The pseudo-covalent approach, in a similar vein, did not produce a structure with markedly increased estimated binding affinities for Penicillin G. Surprisingly, the optimization consistently leaned towards Ampicillin, regardless of the intended antibiotic in the interface design. However, upon closer inspection of the top three results for Penicillin G, we did discover mutants that exhibited notably exceptional estimated binding affinities for Ampicillin.

Most optimized BlaR1 mutant optimized for Penicillin G show much higher estimated binding affinity towards Ampicillin in the pseudo-covalent approach.

Figure 6: Most optimized BlaR1 mutant optimized for Penicillin G show much higher estimated binding affinity towards Ampicillin in the pseudo-covalent approach: Quantification of polar and non-polar interactions between the mutated receptor and the targeted antibiotics (A). Visualization of interactions as 3D structures between the mutated receptor and Ampicillin (B) or Penicillin G (C). Results were discovered using PLIP. Interactions: ion bond (yellow dashed line), hydrogen bond (blue solid lines), hydrophobic interactions (grey dashed lines).

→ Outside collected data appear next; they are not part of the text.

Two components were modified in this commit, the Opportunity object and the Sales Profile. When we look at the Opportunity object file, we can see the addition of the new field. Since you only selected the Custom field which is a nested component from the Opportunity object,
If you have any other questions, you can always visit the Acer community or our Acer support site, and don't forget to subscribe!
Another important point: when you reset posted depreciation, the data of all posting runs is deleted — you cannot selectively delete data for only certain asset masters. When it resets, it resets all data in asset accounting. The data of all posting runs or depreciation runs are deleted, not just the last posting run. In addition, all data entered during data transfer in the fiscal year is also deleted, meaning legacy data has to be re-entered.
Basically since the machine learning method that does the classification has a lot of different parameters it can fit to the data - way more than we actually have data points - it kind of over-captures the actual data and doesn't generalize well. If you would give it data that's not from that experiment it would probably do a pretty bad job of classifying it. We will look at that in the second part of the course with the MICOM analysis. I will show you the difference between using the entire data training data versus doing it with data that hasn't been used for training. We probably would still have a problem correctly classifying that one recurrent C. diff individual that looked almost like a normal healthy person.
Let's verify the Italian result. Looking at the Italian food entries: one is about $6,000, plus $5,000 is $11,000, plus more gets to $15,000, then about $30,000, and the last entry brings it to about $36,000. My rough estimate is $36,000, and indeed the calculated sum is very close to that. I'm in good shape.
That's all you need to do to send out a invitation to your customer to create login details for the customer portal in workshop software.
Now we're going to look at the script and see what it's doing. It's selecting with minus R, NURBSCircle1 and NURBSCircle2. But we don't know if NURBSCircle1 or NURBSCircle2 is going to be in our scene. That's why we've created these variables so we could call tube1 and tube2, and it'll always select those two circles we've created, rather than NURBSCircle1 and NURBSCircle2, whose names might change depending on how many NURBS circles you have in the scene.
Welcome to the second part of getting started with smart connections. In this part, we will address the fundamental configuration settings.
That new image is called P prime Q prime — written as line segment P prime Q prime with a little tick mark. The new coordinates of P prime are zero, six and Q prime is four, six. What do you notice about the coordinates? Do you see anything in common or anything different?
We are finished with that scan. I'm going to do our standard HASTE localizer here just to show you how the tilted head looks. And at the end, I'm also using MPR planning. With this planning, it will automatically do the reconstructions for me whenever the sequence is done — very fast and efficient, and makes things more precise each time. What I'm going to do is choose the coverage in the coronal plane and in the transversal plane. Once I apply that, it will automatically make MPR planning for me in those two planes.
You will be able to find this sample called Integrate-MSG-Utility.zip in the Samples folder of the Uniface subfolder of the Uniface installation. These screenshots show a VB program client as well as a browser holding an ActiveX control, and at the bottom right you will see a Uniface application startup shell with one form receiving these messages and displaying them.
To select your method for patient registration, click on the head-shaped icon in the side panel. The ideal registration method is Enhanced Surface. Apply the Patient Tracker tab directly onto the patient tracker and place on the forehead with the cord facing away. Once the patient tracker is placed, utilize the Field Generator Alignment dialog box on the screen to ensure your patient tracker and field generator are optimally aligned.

Fig. 6 shows the discovered mutant of BlaR1 which indicates many more hydrogen bonds for Ampicillin, resulting in a higher estimated binding affinity. This finding implies that utilizing similar antibiotics in the optimization process can help achieve results that are more optimal for the desired antibiotic.

Final Remarks

Creating receptors with enhanced binding affinities for specific antibiotics is an essential requirement for our whole-cell biosensor to remain competitive in the field of antibiotic detection systems. In total, we successfully developed two mutants of BlaR1 that exhibited significantly increased estimated binding affinities for Ampicillin. In doing so, we leveraged Rosetta's interface design protocol, introducing a novel approach to identify receptor mutants tailored for specific ligands.